In our scale of things then, when we
imagine, or actually initiate, various external forces to this
already encapsulated bit of meaning, we imply to it motion relative
to us that it did not heretofore have. In doing that we create a new
set of meaning considerations. Though the intrinsic initial mass does
not change, the overall meaning must because there is now the total
kinetic energy of the object. Mass and energy are two sides of the
same coin, of course, so, whatever the rest mass may have been, the
object now has a mass that includes the imparted velocity; something
that is, in one sense a potential, but in another a thing already
realized as any attempt to increase its velocity takes even more
energy; a process that steadily yields diminishing returns as this
potential/real mass increases. Wherein lies the inherent limit of the
speed of light.
It seems to me, then, that all mass is,
in a sense, relative. Already encapsulated bits don't change relative
to us because all of the bits of meaning around us, and of us,
started from the same point of reference. And we now exist in a
synchronized vector of meaning interaction. Which is nothing more
than to say a system where the boundary resolutions at particular
scales of consideration have been set so that fundamental process
abstractions remain constant relative to our vector of association.
One can then consider the system as a
three dimensional white board that must expand so as to allow for
more meanings to begin to collect as the excitement of birth cools
down and basic interactions create more abstractions to allow for
even more complex interactions to follow. Just as more words must
have more pages for which to allow them expression.
Through out all of this, I think, is a
certain synchronicity that remains at various scales so that meaning
can have consistency over space and duration. Complexity, however,
has a habit of throwing ever more uncertainty into total system
process. This would have to become especially vexing for a system
where motion, and the differential of observed, and observer, as
regards duration and the space therein, comes into play.
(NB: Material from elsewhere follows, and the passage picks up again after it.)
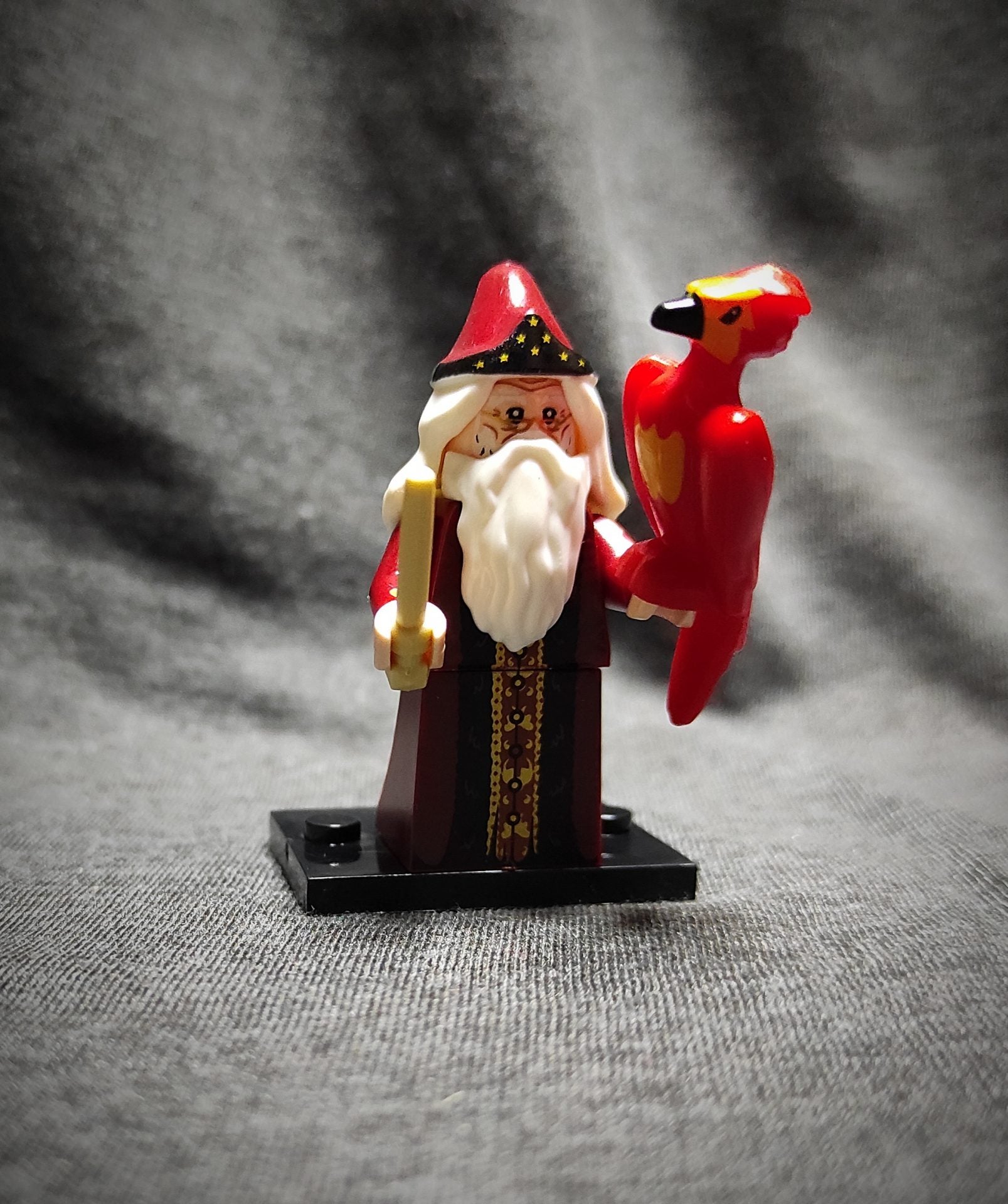 Harry Potter Dumbledore figura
To my mind everything in this overall,
more complexly expanded, system is relativistic mass to one degree or
another; especially when one begins to consider the biggest of
singular concentrations of encapsulated motion. They seemingly begin
and they end without ever actually creating or destroying anything,
even as they deny any outgoing information. One then has to wonder
just how consistent synchronicity can remain.
We believe we see only so much
ordinarily encapsulated meaning in the cosmos but it is not nearly
enough to account for how overall expansion has proceeded with the
structures thus revealed so far. And now we also detect that
expansion is actually accelerating, though the mass/energy repression
that would account for this is also not directly observable.
Those previously mentioned
concentrations of meaning, representing a speed of process, or
conversely, so much accumulated meaning, that it cannot communicate
in any ordinary sense within our vector of association, still seem to
evaporate in some fashion. But to where, and how? Conversely objects
at a certain scale can become meaning entangled, and remain so,
regardless of distance. But does that necessarily hold true for time
as well?
What I am suggesting here is that
causality, and thus the transfer of meaning, is a great deal more
complex than we currently realize. And one of the important aspects
of this is the fact that observations, and the meanings derived from
them, need to be handled with a great deal more circumspection, as
well as skepticism, when they cross large spans of scale. As such,
taking a measurement at one scale and then using the results to
deduce conclusions at another, may be problematic at best, and
perhaps more invasive, or deterministic—either as a cause or an
effect, than we realize as well.
I can only hope that those who have
credibility in the sciences are already considering these aspects a
great deal more deeply than I am able to.